Stored items from a collection:
★ ★ ★ ★

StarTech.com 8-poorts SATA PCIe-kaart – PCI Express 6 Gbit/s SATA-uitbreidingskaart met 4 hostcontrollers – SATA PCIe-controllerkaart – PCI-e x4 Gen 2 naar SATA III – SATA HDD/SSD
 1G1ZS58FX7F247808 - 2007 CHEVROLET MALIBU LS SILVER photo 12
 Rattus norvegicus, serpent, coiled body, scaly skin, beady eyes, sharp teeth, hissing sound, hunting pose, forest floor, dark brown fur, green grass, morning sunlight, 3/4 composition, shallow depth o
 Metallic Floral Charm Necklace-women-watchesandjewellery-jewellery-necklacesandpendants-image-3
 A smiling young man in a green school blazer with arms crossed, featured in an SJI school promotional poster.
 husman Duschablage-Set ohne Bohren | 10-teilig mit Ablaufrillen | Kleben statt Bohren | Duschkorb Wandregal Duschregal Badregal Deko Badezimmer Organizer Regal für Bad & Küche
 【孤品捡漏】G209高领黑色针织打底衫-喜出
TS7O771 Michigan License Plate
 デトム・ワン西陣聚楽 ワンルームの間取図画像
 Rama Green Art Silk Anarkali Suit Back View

★ ★ ★ ★

* _Directions_: Repeat the data word for word. Leave nothing out.

* _Answer box_:
StarTech.com 8-poorts SATA PCIe-kaart – PCI Express 6 Gbit/s SATA-uitbreidingskaart met 4 hostcontrollers – SATA PCIe-controllerkaart – PCI-e x4 Gen 2 naar SATA III – SATA HDD/SSD
 1G1ZS58FX7F247808 - 2007 CHEVROLET MALIBU LS SILVER photo 12
 Rattus norvegicus, serpent, coiled body, scaly skin, beady eyes, sharp teeth, hissing sound, hunting pose, forest floor, dark brown fur, green grass, morning sunlight, 3/4 composition, shallow depth o
 Metallic Floral Charm Necklace-women-watchesandjewellery-jewellery-necklacesandpendants-image-3
 A smiling young man in a green school blazer with arms crossed, featured in an SJI school promotional poster.
 husman Duschablage-Set ohne Bohren | 10-teilig mit Ablaufrillen | Kleben statt Bohren | Duschkorb Wandregal Duschregal Badregal Deko Badezimmer Organizer Regal für Bad & Küche
 【孤品捡漏】G209高领黑色针织打底衫-喜出
TS7O771 Michigan License Plate
 デトム・ワン西陣聚楽 ワンルームの間取図画像
 Rama Green Art Silk Anarkali Suit Back View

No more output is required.